Thge thought of giving up sugar may seem impossible to you. If you can't imagine going a day without a soda, cookie or ice cream, but you're tired of the mood and energy swings you experience when you eat refined sugar, you're not alone. It is possible to eliminate sugar from your diet with careful planning and mindfulness about what you eat. By eating at regular intervals, you can prevent sugar cravings before they happen.
Eat every two to three hours. The key to preventing cravings for sweets is to keep your blood sugar stable throughout the day and keep yourself from getting too hungry.
Include protein in every meal, of which there should be five to six per day. A scoop of protein powder, handful of almonds or stick of string cheese is all you need.
Replace white rice, pasta and bread with whole grains such as oats, quinoa, brown rice and barley. Whole grains contain fiber to fill you up and do not cause the dramatic spike in insulin that refined carbohydrates do.

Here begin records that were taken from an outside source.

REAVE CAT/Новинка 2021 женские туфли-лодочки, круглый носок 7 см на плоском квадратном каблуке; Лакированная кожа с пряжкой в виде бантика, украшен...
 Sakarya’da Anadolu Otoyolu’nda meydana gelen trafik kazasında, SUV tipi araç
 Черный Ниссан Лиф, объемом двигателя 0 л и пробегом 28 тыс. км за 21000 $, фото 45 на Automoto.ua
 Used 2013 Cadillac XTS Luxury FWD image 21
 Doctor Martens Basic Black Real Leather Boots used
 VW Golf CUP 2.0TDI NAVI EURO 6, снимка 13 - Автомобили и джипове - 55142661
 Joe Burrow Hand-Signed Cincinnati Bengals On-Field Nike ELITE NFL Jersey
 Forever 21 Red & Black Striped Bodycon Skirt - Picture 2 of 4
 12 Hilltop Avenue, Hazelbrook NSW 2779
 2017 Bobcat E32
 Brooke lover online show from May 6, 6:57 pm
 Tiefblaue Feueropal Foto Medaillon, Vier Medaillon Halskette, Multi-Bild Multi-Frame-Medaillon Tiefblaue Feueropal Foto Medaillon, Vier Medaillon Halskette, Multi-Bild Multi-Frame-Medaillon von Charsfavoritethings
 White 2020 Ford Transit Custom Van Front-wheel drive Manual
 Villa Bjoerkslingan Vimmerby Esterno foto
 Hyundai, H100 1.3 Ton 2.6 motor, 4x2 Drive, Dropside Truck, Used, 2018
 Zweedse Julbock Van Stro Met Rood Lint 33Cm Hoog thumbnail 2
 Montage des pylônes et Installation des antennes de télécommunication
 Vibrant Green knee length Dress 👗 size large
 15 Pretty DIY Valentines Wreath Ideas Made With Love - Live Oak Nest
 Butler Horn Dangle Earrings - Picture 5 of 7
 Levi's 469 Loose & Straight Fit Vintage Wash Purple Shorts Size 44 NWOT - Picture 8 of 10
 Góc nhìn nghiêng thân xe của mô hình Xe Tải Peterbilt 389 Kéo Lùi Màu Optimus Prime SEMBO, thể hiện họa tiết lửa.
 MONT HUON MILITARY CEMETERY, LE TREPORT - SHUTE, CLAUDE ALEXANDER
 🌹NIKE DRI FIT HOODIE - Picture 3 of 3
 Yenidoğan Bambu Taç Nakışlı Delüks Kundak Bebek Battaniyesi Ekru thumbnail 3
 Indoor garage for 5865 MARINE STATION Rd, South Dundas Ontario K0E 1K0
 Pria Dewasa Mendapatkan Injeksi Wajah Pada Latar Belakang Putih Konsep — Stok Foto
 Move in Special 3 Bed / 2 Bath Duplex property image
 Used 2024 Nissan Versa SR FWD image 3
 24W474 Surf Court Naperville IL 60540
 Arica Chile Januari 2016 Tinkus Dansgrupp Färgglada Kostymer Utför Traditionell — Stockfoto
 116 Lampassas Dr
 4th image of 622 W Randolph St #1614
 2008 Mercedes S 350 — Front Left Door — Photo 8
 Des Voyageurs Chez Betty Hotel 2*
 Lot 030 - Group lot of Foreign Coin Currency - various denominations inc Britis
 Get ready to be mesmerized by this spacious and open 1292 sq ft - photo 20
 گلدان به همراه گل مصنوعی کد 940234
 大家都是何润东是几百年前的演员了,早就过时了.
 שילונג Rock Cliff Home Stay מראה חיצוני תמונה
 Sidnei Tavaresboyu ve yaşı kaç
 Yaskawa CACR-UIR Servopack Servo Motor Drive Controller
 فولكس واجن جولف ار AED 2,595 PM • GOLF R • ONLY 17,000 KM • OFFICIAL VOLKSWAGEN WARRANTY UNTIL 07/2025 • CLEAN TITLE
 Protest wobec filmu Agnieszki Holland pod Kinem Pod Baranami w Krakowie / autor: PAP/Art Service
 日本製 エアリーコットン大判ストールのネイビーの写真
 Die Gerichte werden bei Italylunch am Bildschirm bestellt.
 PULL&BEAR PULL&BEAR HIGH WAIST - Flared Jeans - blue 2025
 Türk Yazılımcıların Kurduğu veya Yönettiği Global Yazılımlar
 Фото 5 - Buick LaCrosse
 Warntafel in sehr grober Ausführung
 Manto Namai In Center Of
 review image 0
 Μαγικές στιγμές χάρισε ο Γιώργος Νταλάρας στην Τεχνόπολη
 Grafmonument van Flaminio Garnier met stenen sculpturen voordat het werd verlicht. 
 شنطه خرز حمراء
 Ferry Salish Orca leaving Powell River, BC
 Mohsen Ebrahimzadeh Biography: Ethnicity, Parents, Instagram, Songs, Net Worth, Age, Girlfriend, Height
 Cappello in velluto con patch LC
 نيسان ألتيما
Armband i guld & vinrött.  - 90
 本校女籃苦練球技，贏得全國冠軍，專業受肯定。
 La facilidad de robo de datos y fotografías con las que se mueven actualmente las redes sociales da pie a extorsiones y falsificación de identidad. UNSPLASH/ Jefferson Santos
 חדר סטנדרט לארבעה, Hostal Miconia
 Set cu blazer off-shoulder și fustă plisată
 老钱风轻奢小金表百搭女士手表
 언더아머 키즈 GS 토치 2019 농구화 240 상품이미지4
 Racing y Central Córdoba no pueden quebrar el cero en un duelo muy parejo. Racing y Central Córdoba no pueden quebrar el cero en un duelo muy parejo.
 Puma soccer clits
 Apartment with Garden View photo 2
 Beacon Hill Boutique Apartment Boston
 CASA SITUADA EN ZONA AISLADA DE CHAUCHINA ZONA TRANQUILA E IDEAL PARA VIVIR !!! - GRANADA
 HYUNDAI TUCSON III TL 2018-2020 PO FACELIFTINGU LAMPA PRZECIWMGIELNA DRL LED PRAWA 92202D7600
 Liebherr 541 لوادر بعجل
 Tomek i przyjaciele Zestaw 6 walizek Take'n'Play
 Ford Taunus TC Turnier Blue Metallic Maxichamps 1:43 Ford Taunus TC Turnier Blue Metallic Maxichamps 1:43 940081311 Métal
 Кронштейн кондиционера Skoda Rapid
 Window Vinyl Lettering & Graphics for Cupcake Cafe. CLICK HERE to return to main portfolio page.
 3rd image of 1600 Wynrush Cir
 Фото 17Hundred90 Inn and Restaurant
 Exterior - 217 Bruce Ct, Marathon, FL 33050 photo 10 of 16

Substitute fruit for refined sugar when you crave something sweet. If you want a cookie, have an apple and wait 15 minutes. Chances are, the cookie craving will go away.
Stop using artificial sweeteners. They are much sweeter than sugar, and they get your taste buds accustomed to very sweet foods. If you must add sweetener to your food, try one with a low glycemic index like agave nectar or raw honey. Other sweeteners that contain essential nutrients and have a lower glycemic index than white sugar are molasses, barley malt and sucanat, available in health food stores.
Drink plenty of water. Aim for 64 ounces per day. Sometimes cravings are a result of thirst. Have a glass of water when you crave sugar, and wait a few minutes to see if the craving goes away.